# Ryobi 320bvr



## shark (Feb 18, 2008)

Leaf blower, hard to start. Rebuilt carb changed plug. Will run for a little while with choke on. Then dies. Gas spraying from carb. Is there a way to adjust carb? has high speed jet but does not have a slot for screw driver. has a flat on one side. Any help out there? Thanks a ton. Bruce


----------



## rick-l (Sep 16, 2009)

When you say you rebuilt the carb did you put a new repair kit in with all the gaskets and diaphragms? Is the impulse hole clear? Are the hoses pliable and not cracked? The bulb good?

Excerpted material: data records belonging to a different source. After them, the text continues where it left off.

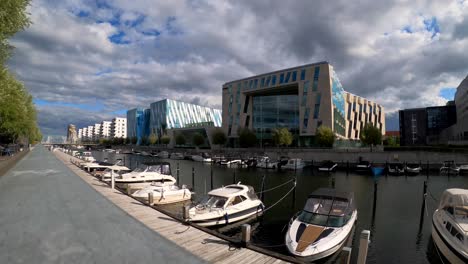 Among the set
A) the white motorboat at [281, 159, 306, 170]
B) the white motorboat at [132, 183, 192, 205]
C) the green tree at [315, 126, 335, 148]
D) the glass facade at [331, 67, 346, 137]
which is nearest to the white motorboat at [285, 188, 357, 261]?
the white motorboat at [132, 183, 192, 205]

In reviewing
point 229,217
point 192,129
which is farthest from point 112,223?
point 192,129

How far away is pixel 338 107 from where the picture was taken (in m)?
82.4

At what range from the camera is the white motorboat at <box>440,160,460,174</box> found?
46.7 m

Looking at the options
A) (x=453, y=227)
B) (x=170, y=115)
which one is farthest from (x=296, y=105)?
(x=170, y=115)

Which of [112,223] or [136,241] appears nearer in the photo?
[136,241]

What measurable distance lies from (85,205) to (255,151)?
6651 centimetres

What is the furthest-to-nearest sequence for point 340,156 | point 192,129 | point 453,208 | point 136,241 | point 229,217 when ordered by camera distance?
point 192,129 → point 340,156 → point 229,217 → point 453,208 → point 136,241

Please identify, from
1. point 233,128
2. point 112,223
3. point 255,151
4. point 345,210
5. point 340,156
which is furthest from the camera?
point 233,128

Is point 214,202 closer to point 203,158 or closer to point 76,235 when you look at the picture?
point 76,235

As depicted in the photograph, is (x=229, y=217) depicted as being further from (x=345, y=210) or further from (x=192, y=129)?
(x=192, y=129)

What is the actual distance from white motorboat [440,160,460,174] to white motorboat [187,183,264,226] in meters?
45.2

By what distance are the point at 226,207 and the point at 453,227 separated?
1244cm

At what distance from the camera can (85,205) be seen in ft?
48.2

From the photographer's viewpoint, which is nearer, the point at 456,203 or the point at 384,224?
the point at 456,203
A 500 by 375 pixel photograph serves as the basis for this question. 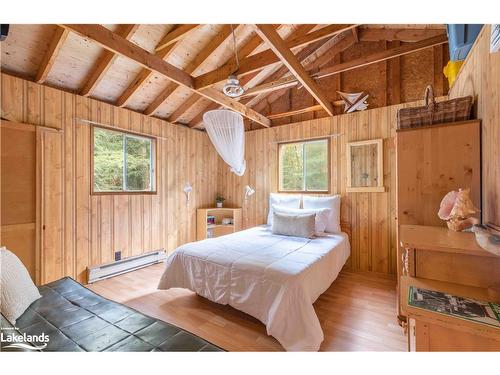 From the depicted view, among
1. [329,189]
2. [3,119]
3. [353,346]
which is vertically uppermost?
[3,119]

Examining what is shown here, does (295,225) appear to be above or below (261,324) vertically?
above

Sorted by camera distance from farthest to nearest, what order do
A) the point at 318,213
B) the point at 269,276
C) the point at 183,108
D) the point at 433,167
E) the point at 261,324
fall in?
the point at 183,108 < the point at 318,213 < the point at 261,324 < the point at 269,276 < the point at 433,167

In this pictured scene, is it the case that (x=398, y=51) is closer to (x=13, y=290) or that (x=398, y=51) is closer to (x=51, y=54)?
(x=51, y=54)

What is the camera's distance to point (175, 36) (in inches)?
92.3

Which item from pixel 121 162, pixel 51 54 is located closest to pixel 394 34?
pixel 51 54

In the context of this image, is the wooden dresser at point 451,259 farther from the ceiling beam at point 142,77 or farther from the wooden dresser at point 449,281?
the ceiling beam at point 142,77

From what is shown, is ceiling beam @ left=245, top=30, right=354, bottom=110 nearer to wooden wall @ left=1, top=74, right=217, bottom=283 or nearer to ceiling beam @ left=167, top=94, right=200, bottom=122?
ceiling beam @ left=167, top=94, right=200, bottom=122

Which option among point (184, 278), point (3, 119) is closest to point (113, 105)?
point (3, 119)

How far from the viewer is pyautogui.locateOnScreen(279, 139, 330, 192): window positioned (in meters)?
3.53

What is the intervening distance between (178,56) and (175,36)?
1.28ft

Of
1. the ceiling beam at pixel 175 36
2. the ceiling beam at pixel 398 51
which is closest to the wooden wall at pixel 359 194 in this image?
the ceiling beam at pixel 398 51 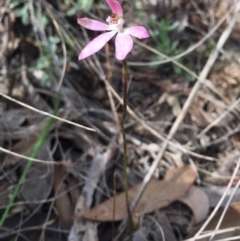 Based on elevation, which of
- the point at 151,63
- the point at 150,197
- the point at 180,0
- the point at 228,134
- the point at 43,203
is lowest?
the point at 43,203

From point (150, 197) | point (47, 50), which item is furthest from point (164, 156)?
Result: point (47, 50)

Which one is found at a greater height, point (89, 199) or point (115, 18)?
point (115, 18)

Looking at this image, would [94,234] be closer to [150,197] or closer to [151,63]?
[150,197]

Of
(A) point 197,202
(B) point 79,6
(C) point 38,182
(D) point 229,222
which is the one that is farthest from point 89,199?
(B) point 79,6

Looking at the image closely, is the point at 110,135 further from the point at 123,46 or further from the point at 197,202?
the point at 123,46

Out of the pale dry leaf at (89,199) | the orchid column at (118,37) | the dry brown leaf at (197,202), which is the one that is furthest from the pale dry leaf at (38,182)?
the orchid column at (118,37)

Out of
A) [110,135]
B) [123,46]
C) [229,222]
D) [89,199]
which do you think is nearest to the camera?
[123,46]

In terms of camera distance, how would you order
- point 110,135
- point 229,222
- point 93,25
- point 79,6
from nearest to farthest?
point 93,25, point 229,222, point 110,135, point 79,6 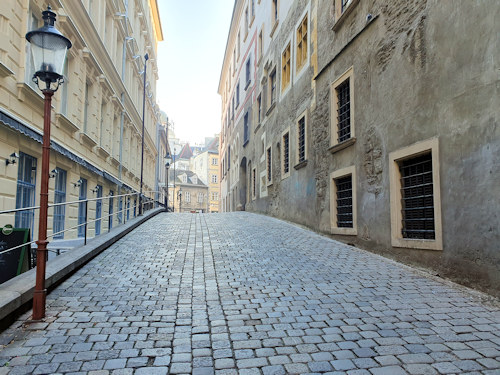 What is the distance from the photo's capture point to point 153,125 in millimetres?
33438

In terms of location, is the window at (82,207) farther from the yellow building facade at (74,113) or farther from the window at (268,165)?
the window at (268,165)

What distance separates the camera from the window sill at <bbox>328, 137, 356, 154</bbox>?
31.8 feet

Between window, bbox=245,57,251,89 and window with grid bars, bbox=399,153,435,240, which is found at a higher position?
window, bbox=245,57,251,89

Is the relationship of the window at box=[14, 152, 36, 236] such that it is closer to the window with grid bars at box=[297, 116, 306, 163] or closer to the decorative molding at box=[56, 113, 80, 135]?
the decorative molding at box=[56, 113, 80, 135]

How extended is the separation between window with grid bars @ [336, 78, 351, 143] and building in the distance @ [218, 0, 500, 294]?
0.10 ft

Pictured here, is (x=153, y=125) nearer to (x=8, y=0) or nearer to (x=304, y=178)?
(x=304, y=178)

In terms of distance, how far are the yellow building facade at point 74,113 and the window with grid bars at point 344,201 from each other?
6.28 metres

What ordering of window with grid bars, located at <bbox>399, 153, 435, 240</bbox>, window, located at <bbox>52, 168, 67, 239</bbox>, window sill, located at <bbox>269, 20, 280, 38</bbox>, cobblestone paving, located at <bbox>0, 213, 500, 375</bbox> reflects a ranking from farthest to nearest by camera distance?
window sill, located at <bbox>269, 20, 280, 38</bbox> → window, located at <bbox>52, 168, 67, 239</bbox> → window with grid bars, located at <bbox>399, 153, 435, 240</bbox> → cobblestone paving, located at <bbox>0, 213, 500, 375</bbox>

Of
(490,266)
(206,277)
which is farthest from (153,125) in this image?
(490,266)

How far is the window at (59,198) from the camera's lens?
1096 centimetres

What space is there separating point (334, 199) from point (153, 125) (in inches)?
1009

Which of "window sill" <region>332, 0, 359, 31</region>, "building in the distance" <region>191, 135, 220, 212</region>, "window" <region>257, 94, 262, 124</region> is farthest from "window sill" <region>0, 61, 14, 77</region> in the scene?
"building in the distance" <region>191, 135, 220, 212</region>

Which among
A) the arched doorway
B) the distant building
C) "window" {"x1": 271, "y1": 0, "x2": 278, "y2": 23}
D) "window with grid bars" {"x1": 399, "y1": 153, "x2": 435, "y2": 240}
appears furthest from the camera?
the distant building

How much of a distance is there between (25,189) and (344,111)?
8450 mm
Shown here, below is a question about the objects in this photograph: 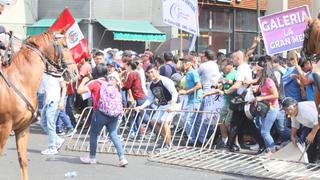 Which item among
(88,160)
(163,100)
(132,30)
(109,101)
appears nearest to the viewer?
(109,101)

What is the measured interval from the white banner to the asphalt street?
4616 millimetres

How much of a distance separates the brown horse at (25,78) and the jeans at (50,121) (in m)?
2.94

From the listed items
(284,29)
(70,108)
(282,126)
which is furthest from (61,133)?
(284,29)

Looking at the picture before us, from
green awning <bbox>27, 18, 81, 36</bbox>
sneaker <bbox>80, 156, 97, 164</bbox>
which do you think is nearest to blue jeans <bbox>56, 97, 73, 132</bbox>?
sneaker <bbox>80, 156, 97, 164</bbox>

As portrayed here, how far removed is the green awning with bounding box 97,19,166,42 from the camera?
84.8 feet

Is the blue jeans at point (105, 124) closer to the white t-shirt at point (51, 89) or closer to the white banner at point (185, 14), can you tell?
the white t-shirt at point (51, 89)

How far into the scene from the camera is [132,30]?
85.8ft

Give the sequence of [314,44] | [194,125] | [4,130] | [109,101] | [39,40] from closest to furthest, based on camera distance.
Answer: [314,44] < [4,130] < [39,40] < [109,101] < [194,125]

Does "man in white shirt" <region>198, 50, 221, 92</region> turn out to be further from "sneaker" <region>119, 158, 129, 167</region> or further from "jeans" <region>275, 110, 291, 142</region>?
"sneaker" <region>119, 158, 129, 167</region>

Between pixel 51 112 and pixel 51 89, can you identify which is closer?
pixel 51 112

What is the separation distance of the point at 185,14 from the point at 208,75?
2771 mm

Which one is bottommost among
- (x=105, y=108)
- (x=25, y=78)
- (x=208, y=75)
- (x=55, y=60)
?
(x=105, y=108)

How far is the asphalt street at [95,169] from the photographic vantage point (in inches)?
350

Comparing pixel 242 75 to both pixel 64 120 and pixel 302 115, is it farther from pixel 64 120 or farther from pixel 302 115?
pixel 64 120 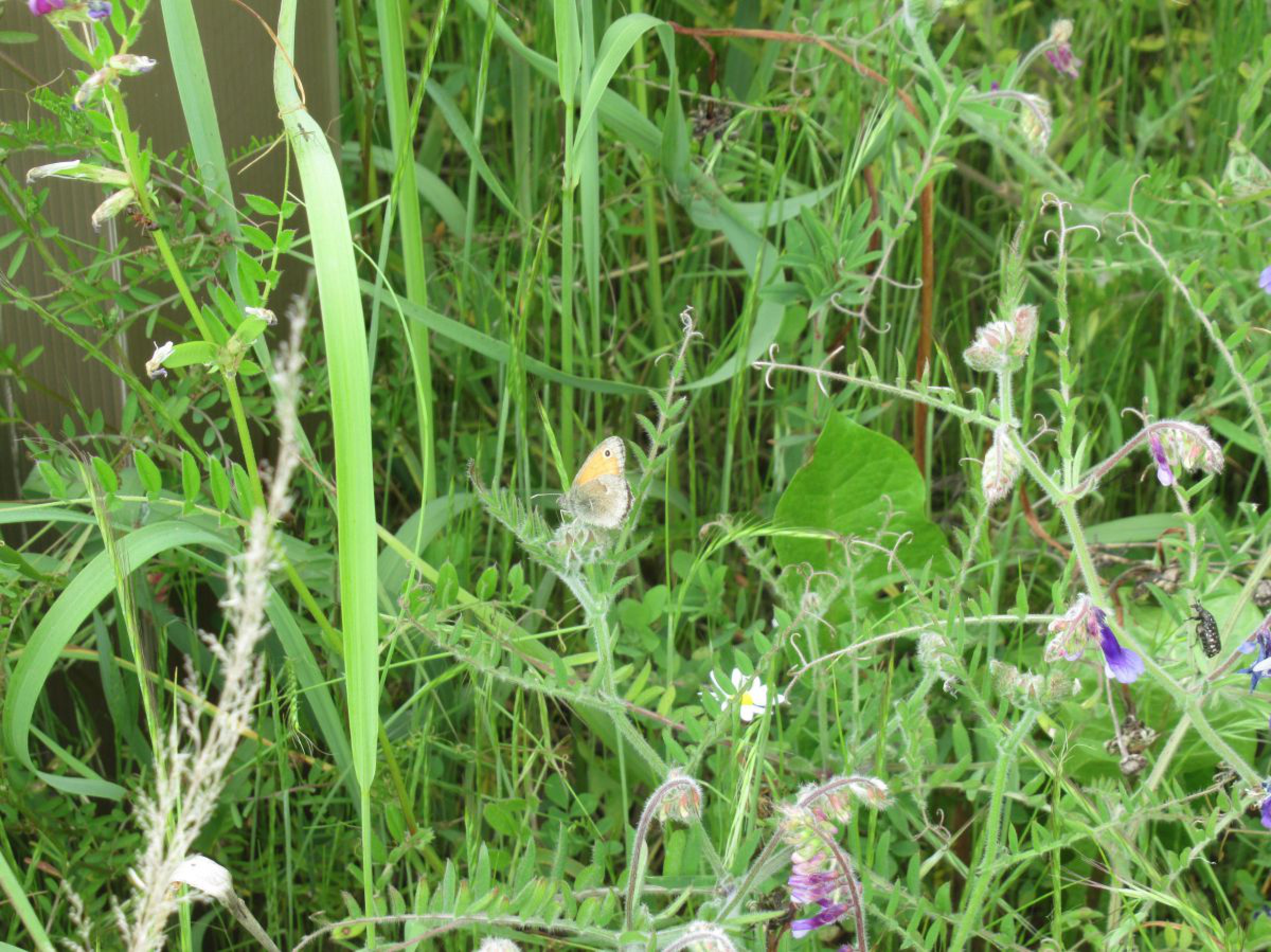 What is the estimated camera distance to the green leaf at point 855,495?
1.71 m

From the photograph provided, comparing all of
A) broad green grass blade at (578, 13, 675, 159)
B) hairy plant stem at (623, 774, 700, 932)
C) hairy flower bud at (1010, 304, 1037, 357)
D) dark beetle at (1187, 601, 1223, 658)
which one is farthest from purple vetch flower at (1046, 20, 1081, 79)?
hairy plant stem at (623, 774, 700, 932)

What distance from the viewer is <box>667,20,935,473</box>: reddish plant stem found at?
6.16ft

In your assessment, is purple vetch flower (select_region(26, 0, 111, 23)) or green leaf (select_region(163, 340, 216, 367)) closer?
purple vetch flower (select_region(26, 0, 111, 23))

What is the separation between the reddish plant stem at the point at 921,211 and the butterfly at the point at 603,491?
723 mm

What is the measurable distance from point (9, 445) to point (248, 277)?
0.80 metres

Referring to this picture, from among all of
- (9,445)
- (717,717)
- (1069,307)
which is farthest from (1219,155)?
(9,445)

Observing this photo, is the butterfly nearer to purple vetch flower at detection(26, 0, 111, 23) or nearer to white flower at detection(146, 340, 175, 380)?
white flower at detection(146, 340, 175, 380)

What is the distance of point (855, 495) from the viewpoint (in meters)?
1.73

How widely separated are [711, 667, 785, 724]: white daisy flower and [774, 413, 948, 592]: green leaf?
23cm

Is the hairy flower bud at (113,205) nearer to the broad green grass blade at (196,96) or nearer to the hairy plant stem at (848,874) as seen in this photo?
the broad green grass blade at (196,96)

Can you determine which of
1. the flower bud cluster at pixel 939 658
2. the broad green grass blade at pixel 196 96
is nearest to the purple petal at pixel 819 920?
the flower bud cluster at pixel 939 658

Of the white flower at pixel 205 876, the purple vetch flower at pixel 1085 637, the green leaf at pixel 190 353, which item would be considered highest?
the green leaf at pixel 190 353

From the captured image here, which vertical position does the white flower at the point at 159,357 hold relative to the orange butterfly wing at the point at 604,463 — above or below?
above

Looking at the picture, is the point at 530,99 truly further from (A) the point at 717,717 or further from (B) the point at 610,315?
(A) the point at 717,717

I just got a 310bvr to work and some of the things required were pretty subtle.


----------



## shark (Feb 18, 2008)

All gaskets were replaced, diaphram was replaced, sprayed all holes with carb cleaner, then blew out with air. Upon further inspection,I felt a good amount of play side to side in the impeller fan shaft. Could the bearing be worn in the crankcase causing the seal to leak? Thanks Shark


----------



## hankster (Jan 1, 1998)

If you have side to side play in the crank most likely the crankcase needs to be replaced.


----------



## Deathrite (May 21, 2009)

i would like to poit out that you must be careful when blowing out a carb with air. in some if not most there are small valves in places that if you blow alot of air in there they get messed up. or fly out. also there care some seals in there that can be blown out. use very low pressure if any. i never use air and just let them air dry after the spray cleaning.


----------